About this exercise
Give every line of the material back exactly, images removed.

Data to examine
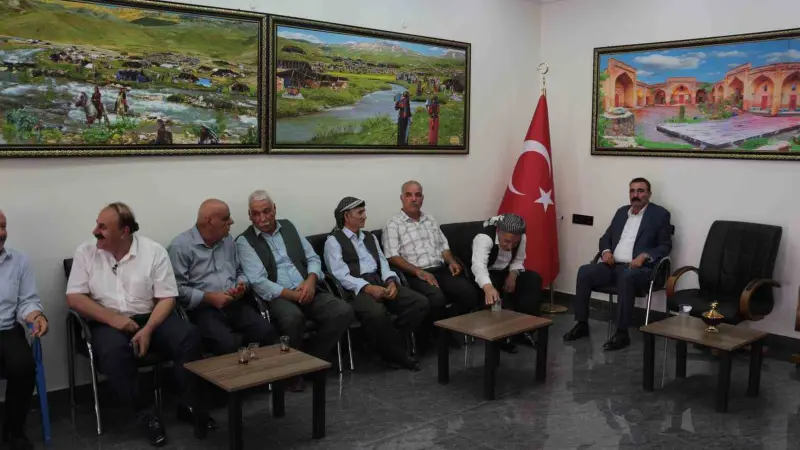 Şırnak’ta aşiret liderleri ve kanaat önderlerinden "çerçeve yasa"ya tam destek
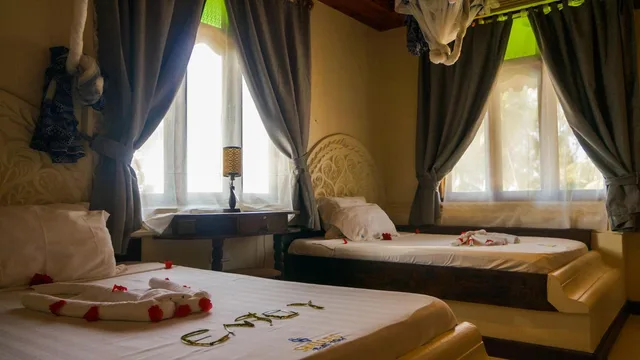 غرفة سوبيريور بسريرين منفصلين، Smiles Beach Hotel 1/2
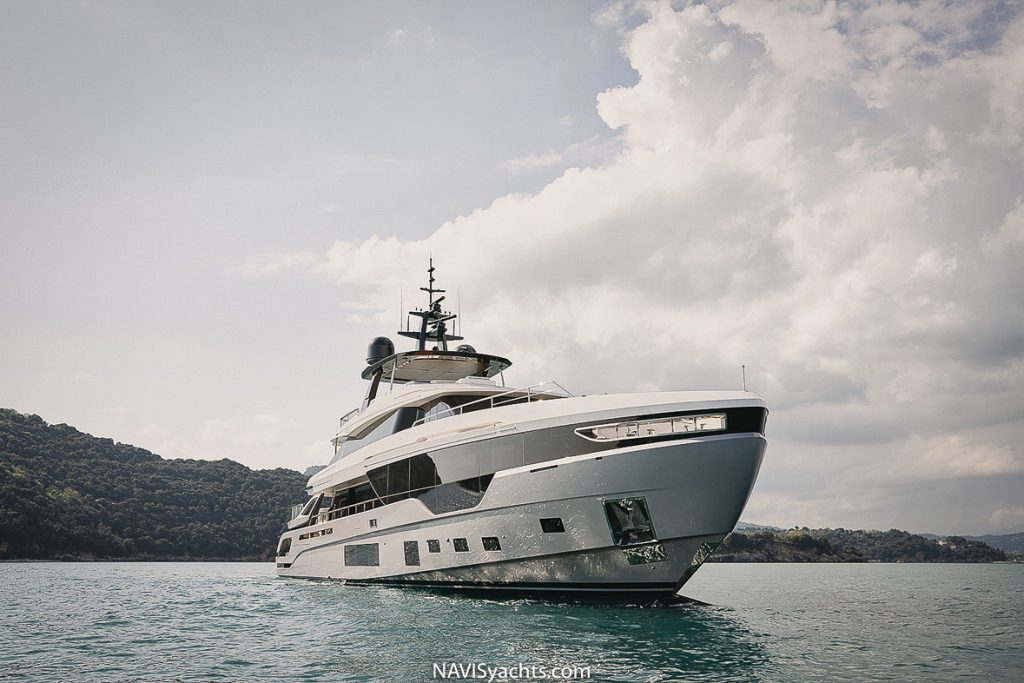 Azimut_Trideck_L-42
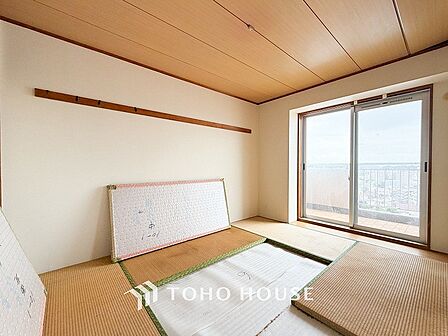 通風・採光にも優れ、心地よい光と風があふれています。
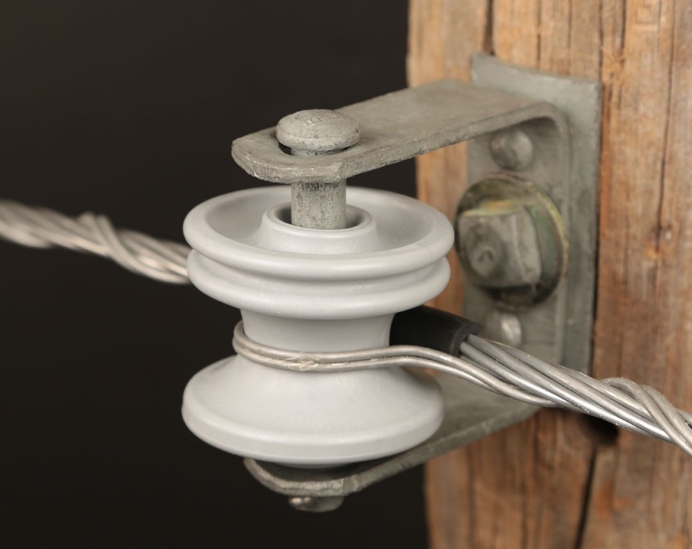 spool insulator deaded clevis application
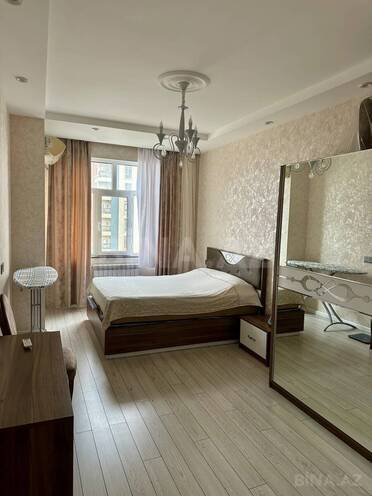 Продаётся 3-комн. новостройка 75 м², м. Кара Караев, photo 4 from 11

The completed task
 Şırnak’ta aşiret liderleri ve kanaat önderlerinden "çerçeve yasa"ya tam destek
 غرفة سوبيريور بسريرين منفصلين، Smiles Beach Hotel 1/2
 Azimut_Trideck_L-42
 通風・採光にも優れ、心地よい光と風があふれています。
 spool insulator deaded clevis application
 Продаётся 3-комн. новостройка 75 м², м. Кара Караев, photo 4 from 11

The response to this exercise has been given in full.